Before a high-risk AI system can be placed on the EU market or put into service, the provider must complete a conformity assessment under Article 43, sign an EU declaration of conformity under Article 47, and affix the CE marking under Article 48. Annex III providers register the system in the EU database under Article 49(1) (with carve-outs for Annex III point 2 critical infrastructure and the non-public section for Annex III points 1, 6, 7 in the areas of law enforcement, migration, asylum and border-control management). Annex I products are not subject to Article 49 EU-database registration — they follow the sectoral product law's registration regime. For Annex I products, the AI Act requirements integrate with the sectoral product law's conformity-assessment procedure rather than running in parallel.
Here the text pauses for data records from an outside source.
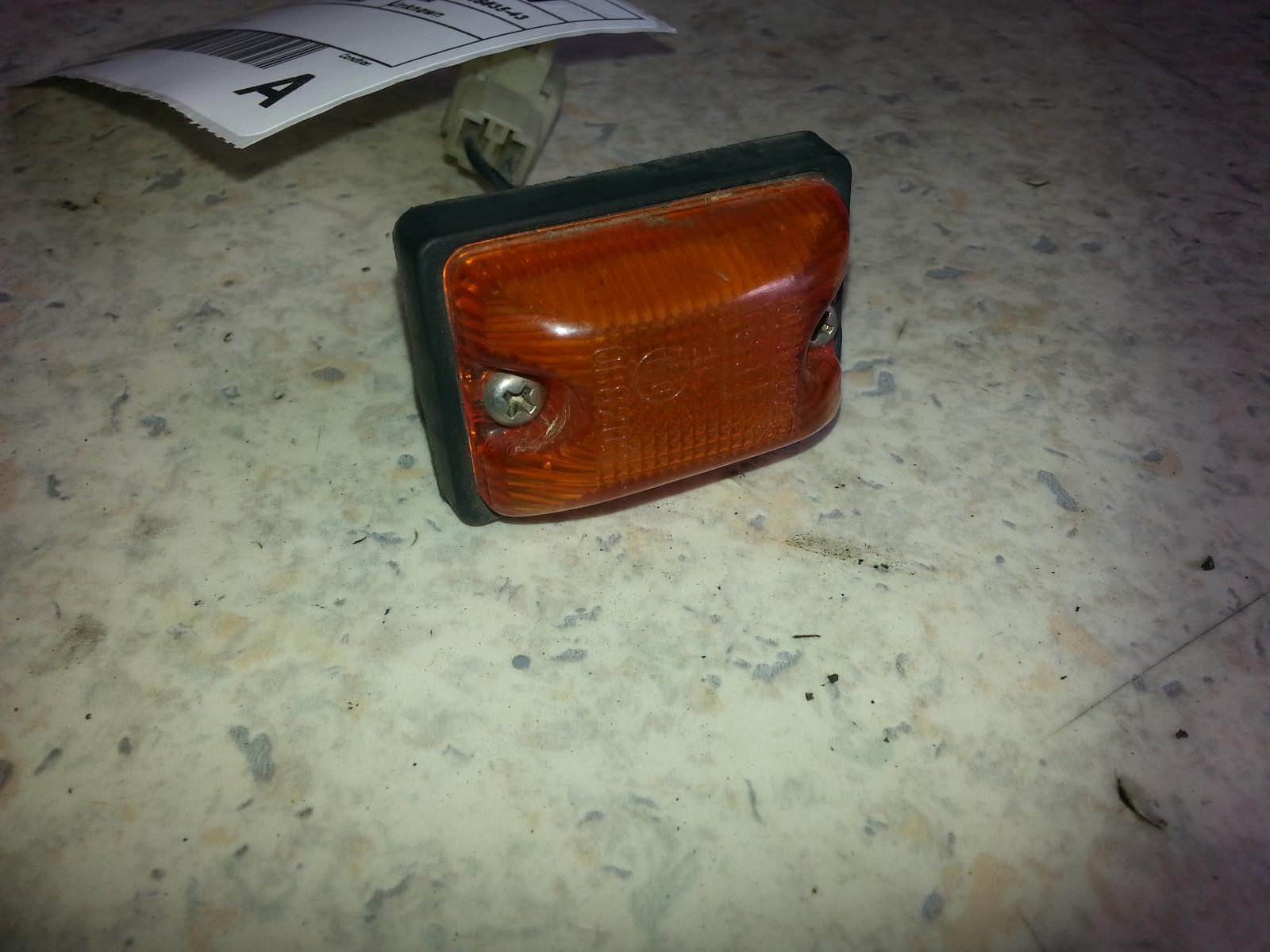 View Auto part Left Indicator/Fog/Side Toyota Hilux 1995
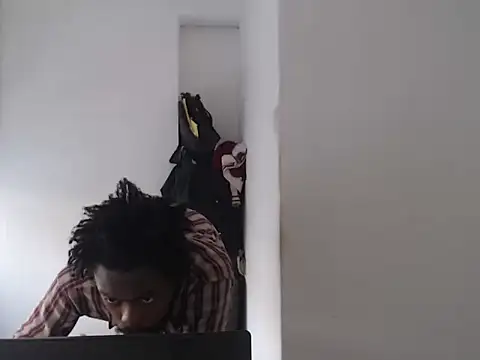 Snapshot of Mastertopdome chatting on 02-13-26, 01:18 Mastertopdome online show from 02-13-26, 01:18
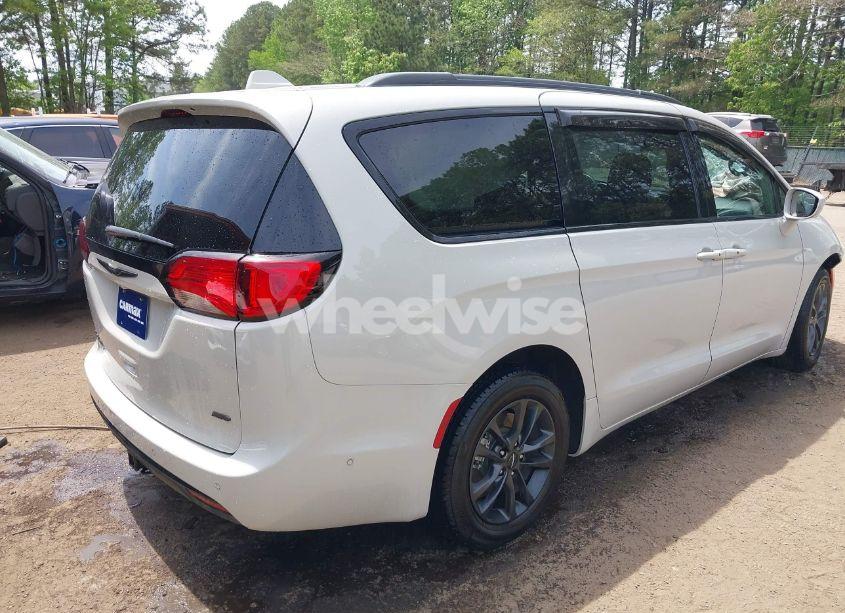 Photo 4 of 2020 Chrysler Pacifica AWD LAUNCH EDITION (VIN 2C4RC3BG6LR288952)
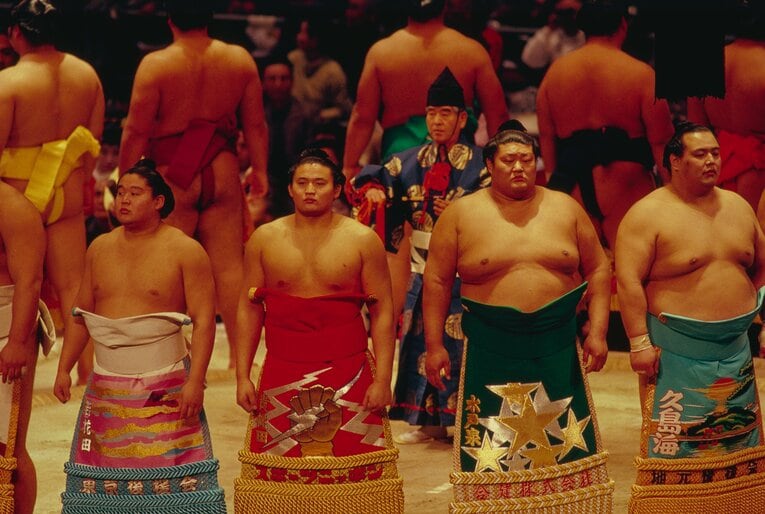 並んで土俵入りする若乃花と貴乃花　©Sports Graphic Number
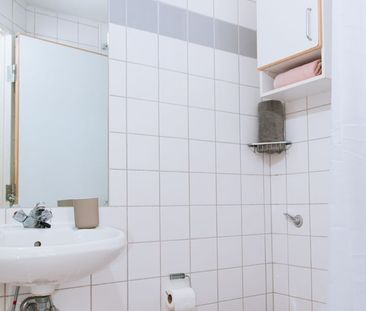 Room in a Shared Flat, Leeds, LS16 - Photo 4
This page sits inside the high-risk regime — see High-risk AI systems for what triggers the regime in the first place.

Quick decision

  • Annex III standalone use case other than biometrics → Annex VI internal control under Article 43(2). Self-assess against Articles 8–15 and Article 17 QMS.
  • Annex III(1) biometrics → Annex VII notified-body assessment under Article 43(1) unless harmonised standards or common specifications cover the requirements and you apply them — then Annex VI internal control becomes available.
  • Annex I product (safety component of, or product covered by, sectoral law) → integrate AI Act requirements into the sectoral conformity-assessment procedure under Article 43(3).
  • Substantial modification after placing on the market → new conformity assessment under Article 43(4). Pre-declared continuous-learning changes within Annex IV point 2(f) do not trigger re-assessment.
  • Successful assessment → EU declaration of conformity (Article 47), CE marking (Article 48), and — for Annex III systems other than the Annex III(2) critical-infrastructure carve-out — EU-database registration (Article 49) before market placement. Annex I products follow sectoral product-law registration, not Article 49.

TL;DR

  • Two routes for Annex III systems: Annex VI (provider internal control, default) and Annex VII (notified-body assessment, mandatory for Annex III point 1 biometrics unless harmonised standards / common specifications cover the requirements).
  • Annex I products integrate AI Act requirements into the sectoral conformity-assessment regime — no parallel AI Act assessment.
  • Article 47 EU declaration of conformity — kept for 10 years; content in Annex V.
  • Article 48 CE marking — visible, legible, indelible; followed by notified-body identification number where applicable; digital marking allowed for digital systems via machine-readable access.
  • Article 49 EU database registration — for Annex III systems (with the Annex III(2) carve-out for critical infrastructure); also required under Article 49(2) for Annex III systems that the provider has determined are not high-risk under Article 6(3).
  • Article 43(4) — substantial modification triggers a new conformity assessment; pre-declared continuous-learning changes (Annex IV point 2(f)) do not.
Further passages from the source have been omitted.